--- Data under study Enclosed Below ---

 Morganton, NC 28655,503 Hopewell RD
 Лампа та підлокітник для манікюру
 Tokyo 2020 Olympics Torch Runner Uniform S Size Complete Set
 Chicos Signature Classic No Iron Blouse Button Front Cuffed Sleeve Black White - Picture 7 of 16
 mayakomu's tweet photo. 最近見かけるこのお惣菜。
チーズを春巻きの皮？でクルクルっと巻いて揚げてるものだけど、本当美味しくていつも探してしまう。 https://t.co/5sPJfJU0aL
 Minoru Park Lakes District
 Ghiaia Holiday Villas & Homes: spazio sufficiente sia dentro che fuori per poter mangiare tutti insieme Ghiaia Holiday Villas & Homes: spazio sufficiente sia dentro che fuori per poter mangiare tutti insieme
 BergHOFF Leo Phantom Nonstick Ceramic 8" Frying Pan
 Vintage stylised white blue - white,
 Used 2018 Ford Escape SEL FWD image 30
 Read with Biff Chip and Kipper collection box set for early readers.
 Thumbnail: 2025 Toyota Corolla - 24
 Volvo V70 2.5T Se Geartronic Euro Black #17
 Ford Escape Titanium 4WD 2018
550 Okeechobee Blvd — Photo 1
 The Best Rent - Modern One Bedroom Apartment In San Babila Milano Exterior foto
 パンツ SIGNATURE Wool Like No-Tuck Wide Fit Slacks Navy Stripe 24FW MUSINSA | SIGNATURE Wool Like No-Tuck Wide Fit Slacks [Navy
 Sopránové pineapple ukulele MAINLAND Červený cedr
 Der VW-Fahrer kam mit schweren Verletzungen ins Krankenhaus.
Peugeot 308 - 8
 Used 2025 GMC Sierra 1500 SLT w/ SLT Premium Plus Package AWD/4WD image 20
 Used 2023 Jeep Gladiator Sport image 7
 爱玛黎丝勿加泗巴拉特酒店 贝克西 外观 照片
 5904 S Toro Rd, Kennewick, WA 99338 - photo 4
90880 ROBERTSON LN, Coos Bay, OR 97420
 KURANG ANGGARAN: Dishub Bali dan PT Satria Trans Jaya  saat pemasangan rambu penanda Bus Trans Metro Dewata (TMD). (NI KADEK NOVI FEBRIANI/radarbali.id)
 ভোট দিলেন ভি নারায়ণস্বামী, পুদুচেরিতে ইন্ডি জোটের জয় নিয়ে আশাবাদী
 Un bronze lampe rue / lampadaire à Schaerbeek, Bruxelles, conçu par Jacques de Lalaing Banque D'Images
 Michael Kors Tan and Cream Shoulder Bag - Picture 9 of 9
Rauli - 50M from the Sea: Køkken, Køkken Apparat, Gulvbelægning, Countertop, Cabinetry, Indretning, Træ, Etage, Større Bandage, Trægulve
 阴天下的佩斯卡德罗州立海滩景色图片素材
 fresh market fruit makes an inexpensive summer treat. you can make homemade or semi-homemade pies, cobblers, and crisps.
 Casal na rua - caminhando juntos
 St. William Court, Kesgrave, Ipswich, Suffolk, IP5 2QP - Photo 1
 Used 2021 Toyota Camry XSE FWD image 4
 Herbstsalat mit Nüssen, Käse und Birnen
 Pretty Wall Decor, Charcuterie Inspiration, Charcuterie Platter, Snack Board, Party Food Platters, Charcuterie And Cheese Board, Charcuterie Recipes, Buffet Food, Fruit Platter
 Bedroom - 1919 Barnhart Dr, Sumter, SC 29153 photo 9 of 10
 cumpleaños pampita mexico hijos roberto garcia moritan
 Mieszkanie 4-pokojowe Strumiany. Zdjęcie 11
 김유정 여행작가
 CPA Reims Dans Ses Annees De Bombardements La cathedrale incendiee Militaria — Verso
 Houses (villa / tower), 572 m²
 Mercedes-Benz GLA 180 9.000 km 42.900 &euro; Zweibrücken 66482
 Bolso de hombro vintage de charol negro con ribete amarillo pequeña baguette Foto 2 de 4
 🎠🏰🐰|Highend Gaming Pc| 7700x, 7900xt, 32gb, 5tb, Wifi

--- End of Enclosed Data under study ---

Return, word for word, the lines from the one containing "Mercedes-Benz GLA 180" through the end of the data above, both ends included, and nothing else.

 Mercedes-Benz GLA 180 9.000 km 42.900 &euro; Zweibrücken 66482
 Bolso de hombro vintage de charol negro con ribete amarillo pequeña baguette Foto 2 de 4
 🎠🏰🐰|Highend Gaming Pc| 7700x, 7900xt, 32gb, 5tb, Wifi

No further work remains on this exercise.